Fuck. This girl has a knack for saying exactly what I don’t want to hear but really need to.

“I haven’t a clue how to do that,” I admit, dragging a hand through my hair, restless and exposed, because this is the most honest I’ve been with anyone in my entire fucked-up life.

“Why?” she asks, voice softer now.

“You messed me up, that’s a fact?” I glance across the table, heat still lingering on my skin. “One minute I’m teasing you, trying to get a rise, thinking I’ve got all the control I always do. Then you look at me, or… you’re on top of me, and I can’t fucking breathe without you.”

Her eyes stay fixed. She watches me fall apart, piece by piece.

“I have no idea how to be someone else,” I admit, my throat tight. “This cocky, fuck-everything version of me. It’s been all I’ve had for a long time.”

She blinks, caught off guard—but she doesn’t look away or make a joke to deflect. She sits there, elbows on the table, eyes fixed on mine.

So I continue.

“My dad didn’t see me. Not really. Not unless I had a helmet and jersey on. That was when I mattered. When I won or played through an injury. Or I dragged us over the line by sheer fucking force. That’s when I existed. The rest of me didn’t matter. None of that was worth shit to him.”

“So when you quit—”

“I didn’t stop playing because I hated the game.

I stopped because every time I stepped on that field, it felt as if I was begging him to notice me.

Every win, every tackle, every touchdown.

It was me screaming, “Look at me, you piece of shit.” And he never did.

Not really. He just nodded, told me to tackle harder next time. ”

Her eyes soften again, but it’s not pity. It’s understanding.

“I thought when I quit, my old man would lose his shit, but he didn’t.

He stopped showing up. He stopped asking how I was.

Didn’t care when I passed maths. Started calling me soft, because I’m not killing myself for a game that made me more of a man, supposedly.

” I tap my fingers against the table. “He still calls me that name.”

I pause, jaw tight. The words dig up more than I thought they would.

“You know, he used to drag me out of bed before dawn, toss a ball at me before I could blink. Had me running drills until my legs gave out. Told me boys don’t cry, boys don’t give up, boys fucking win.

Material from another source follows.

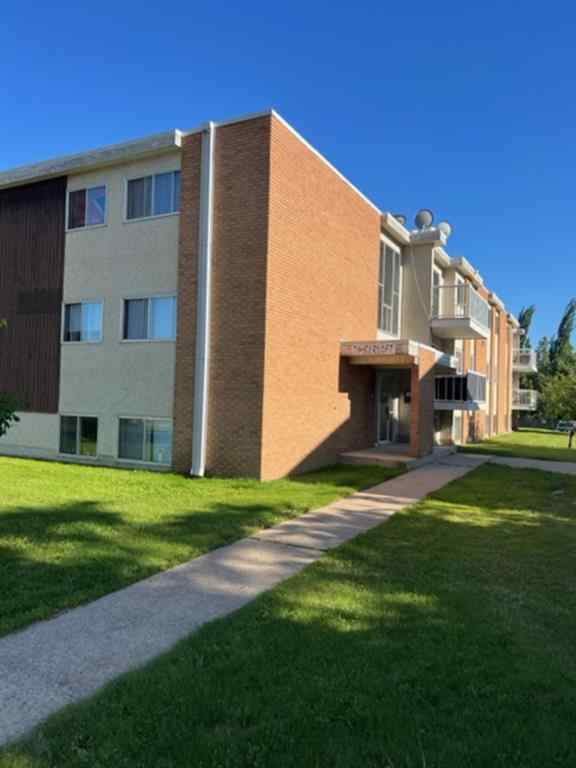 MLS® A2228412 - 5 Sunset Boulevard  in NONE Whitecourt, Commercial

And I did it, all of it, every bruised rib and bloodied knuckle, simply to get two words out of him. One fucking “well done.””

I shake my head, my eyes fixed on the grease-stained table.

“But none of that ever stuck. The moment I wasn’t his football star anymore, I was just a disappointment again. Some loser who didn’t live up to the family name.”

The server arrives, plates hitting the table, the smell of grease and salt cutting through the heat between us. I blink down at the food, as if I forgot we even ordered.